In [1]:
from sklearn.datasets import load_boston
from sklearn.linear_model import LinearRegression
from sklearn.metrics import mean_squared_error
import pandas as pd
import numpy as np

In [4]:
# Gather Data
boston_dataset = load_boston()
data = pd.DataFrame(data = boston_dataset.data, columns = boston_dataset.feature_names)
features = data.drop(["INDUS", "AGE"], axis = 1)

# Log prices
log_prices = np.log(boston_dataset.target)
# Covert to 2D array.
target = pd.DataFrame(log_prices, columns = ["PRICE"])

In [11]:
# Create property_stats varible to store
CRIME_IDX = 0
ZN_IDX = 1
CHAS_IDX = 2
RM_IDX = 4
PTRATIO_IDX = 8

# property_stats = np.ndarray(shape = (1, 11))
# property_stats[0][CRIME_IDX] = features["CRIM"].mean()
# property_stats[0][ZN_IDX] = features["ZN"].mean()
# property_stats[0][CHAS_IDX] = features["CHAS"].mean()
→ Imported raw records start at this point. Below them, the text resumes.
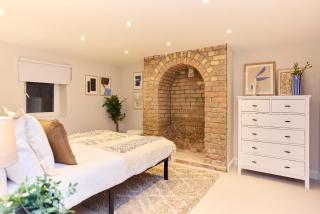 The River Cam Hideaway - Fabulous 6BDR House with Garden plus Terrace - Cambridge - 1
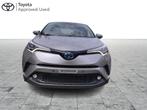 Toyota C-HR 1.8 Hybr/Gps/Cam/Halfleder, SUV ou Tout-terrain, Hybride Électrique/Essence, Automatique, Achat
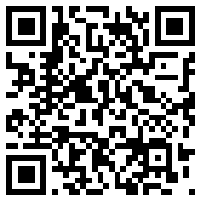 QR Code for bitcoin:3GtNU6txokktx6bXpEfkxGKKmLik4so8gp
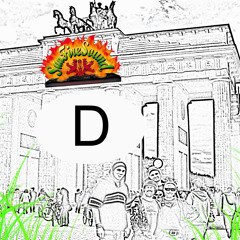 Sun Fire Sound Mix (D) 2011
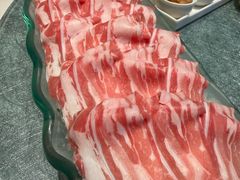 -额尔敦传统涮(西坝河店)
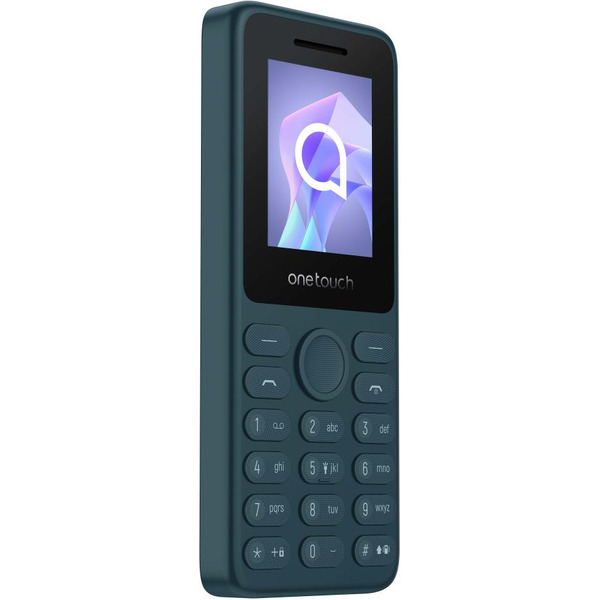 Мобильный телефон TCL Onetouch 4021 (T301) зеленый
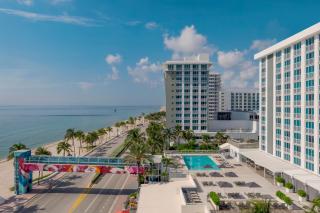 The Westin Fort Lauderdale Beach Resort - Fort Lauderdale - 6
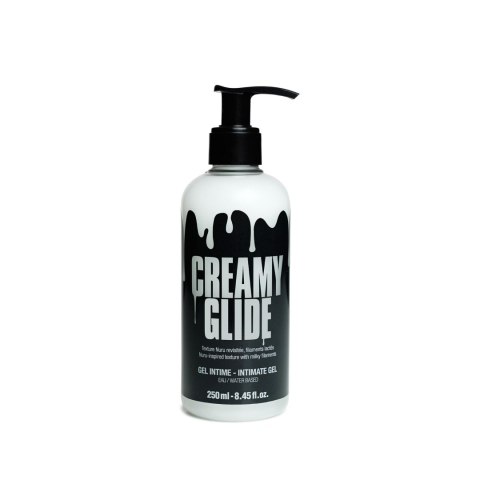 Sztuczna sperma GEL INTIME EFFET SPERME FILANT 250ml Dorcell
# Fill the default value using the mean value of every feature, reshape the pandas.series to ndarray.
property_stats = features.mean().values.reshape(1, 11)

In [26]:
regr = LinearRegression().fit(features, target)
fitted_values = regr.predict(features)
#print(fitted_values.shape)
MSE = mean_squared_error(target, fitted_values)
RMSE = np.sqrt(MSE)

In [33]:
def get_log_estimate(room_number, pupil_teacher_ratio, beside_river = False, high_confidence = True):
    # Configure property values
    property_stats[0][RM_IDX] = room_number
    property_stats[0][PTRATIO_IDX] = pupil_teacher_ratio
    if beside_river:
        property_stats[0][CHAS_IDX] = 1
    else:
        property_stats[0][CHAS_IDX] = 0
    # Predict
    log_estimate = regr.predict(property_stats)[0][0]
    # Calculate the range
    if high_confidence:
        # 2 sigma
        upper_bound = log_estimate + 2*RMSE
        lower_bound = log_estimate - 2*RMSE
        interval = 95
    else:
        # 1 sigma
        upper_bound = log_estimate + RMSE
        lower_bound = log_estimate - RMSE
        interval = 68
    return log_estimate, upper_bound, lower_bound, interval

In [35]:
get_log_estimate(3, 20, True, False)

(2.776758191480399, 2.9642703266775294, 2.589246056283269, 68)